In this paper, we describe SOCKSDIRECT, a high performance socket system. SOCKSDIRECT is implemented in user space to avoid kernel crossing cost. It achieves security and isolation by employing a trusted monitor daemon to handle control plane operations such as connection establishment and access control. SOCKSDIRECT is fully compatible with Linux socket and can be used as a drop-in replacement with no modification to existing applications. The design fully handles Linux fork semantics, and can handle both intra- and inter-host communications with hosts equipped with SOCKSDIRECT as well as those without. Last but not least, SOCKSDIRECT is performant. SOCKSDIRECT uses shared memory queue and modern RDMA transport for intra- and inter-host communication. It removes multithread synchronization in common cases and improves memory efficiency with many concurrent connections. It leverages techniques such as cooperative multitasking and pageremapping based zero-copy to remove many overheads of existing socket systems. Experiment shows that SOCKSDIRECT achieves 7 to 20x better message throughput, 17 to 35x better latency, and 20x connection setup throughput compared with Linux socket.

Please refer to the paper for technical details.

Currently SocksDirect is available on Linux using cmake build system.

1. Create a build directory (e.g. build).
2. cd to the build directory.
3. cmake ..
4. make -j
5. The binaries should be built in the cmake directory.

In build directory, run ./test_sock_server in background (or in another terminal), then run ./test_sock_client. It should print the throughput (messages per second) every second.

Similarly, we can run the pairs of ./test_sock_server_2 and ./test_sock_client_2, as well ./test_sock_server_3 and ./test_sock_client_3.

The code for the tests are in $libsd/test/.
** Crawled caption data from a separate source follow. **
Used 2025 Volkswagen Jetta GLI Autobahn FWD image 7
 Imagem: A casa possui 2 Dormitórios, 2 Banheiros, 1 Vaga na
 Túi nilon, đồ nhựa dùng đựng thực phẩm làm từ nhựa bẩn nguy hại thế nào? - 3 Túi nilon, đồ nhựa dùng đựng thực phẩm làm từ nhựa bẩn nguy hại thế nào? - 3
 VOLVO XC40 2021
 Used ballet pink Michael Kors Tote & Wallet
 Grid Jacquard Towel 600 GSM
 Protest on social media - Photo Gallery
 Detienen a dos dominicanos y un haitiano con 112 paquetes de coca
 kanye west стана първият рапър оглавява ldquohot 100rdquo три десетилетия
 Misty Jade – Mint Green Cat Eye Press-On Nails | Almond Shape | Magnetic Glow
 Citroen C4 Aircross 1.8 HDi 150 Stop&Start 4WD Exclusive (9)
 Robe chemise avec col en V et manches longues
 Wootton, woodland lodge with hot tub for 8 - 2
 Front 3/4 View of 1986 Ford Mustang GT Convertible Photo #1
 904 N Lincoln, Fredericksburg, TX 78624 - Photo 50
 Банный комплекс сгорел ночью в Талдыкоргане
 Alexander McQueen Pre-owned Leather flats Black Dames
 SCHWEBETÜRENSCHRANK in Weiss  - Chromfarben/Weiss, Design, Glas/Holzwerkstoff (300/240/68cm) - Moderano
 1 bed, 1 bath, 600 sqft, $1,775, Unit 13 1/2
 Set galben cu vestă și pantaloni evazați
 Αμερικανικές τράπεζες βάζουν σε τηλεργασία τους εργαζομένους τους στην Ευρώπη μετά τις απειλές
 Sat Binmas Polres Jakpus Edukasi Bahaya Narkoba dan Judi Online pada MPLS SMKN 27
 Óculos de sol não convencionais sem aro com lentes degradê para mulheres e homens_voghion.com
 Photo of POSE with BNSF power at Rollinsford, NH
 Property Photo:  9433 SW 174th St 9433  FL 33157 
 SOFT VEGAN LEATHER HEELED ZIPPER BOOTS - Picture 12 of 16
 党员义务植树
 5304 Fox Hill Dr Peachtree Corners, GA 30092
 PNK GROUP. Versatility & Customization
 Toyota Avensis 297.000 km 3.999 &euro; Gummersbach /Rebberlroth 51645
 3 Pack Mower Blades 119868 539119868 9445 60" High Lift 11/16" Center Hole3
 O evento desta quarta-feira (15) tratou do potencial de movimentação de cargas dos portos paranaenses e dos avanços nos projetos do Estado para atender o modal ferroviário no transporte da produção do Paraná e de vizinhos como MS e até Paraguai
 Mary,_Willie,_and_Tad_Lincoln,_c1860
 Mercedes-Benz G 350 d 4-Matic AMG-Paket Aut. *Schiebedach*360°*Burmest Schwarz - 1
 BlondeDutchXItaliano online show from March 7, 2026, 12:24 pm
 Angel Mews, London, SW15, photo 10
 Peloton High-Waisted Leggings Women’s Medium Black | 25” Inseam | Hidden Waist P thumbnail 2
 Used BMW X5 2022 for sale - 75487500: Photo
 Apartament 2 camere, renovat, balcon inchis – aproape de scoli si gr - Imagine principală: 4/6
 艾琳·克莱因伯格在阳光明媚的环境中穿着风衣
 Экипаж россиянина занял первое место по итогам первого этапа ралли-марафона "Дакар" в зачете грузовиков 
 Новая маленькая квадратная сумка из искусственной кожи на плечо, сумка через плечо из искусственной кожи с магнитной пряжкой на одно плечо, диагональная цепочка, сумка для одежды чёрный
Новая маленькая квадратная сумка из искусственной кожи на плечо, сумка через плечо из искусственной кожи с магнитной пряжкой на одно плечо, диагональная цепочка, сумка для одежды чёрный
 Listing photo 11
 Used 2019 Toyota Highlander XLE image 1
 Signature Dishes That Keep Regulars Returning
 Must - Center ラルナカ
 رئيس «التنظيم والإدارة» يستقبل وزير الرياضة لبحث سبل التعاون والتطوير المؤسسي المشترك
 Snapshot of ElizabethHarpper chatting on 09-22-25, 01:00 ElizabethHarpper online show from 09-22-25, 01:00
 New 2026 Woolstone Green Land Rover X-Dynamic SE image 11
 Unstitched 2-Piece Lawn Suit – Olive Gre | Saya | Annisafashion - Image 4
LD_PRELOAD=$libsd/build/libsd.so $progname $args

You can use a standard BSD socket application (e.g. iperf).

The current code branch is not fully tested with many applications.

They are ./pot_server_* and ./pot_client_*. Documents TODO.

The code for the tests are in $libsd/pot/.

In demo folder, there is a sample nginx configure file, please change the path accordingly. 
If you want to see more errors. Change the error level in the config.
In your build folder, run ./pot_web_service as the backend service
run ./test_http_client -p <port> -b <batch size per request> -n <thread_number> <IP> <test response size>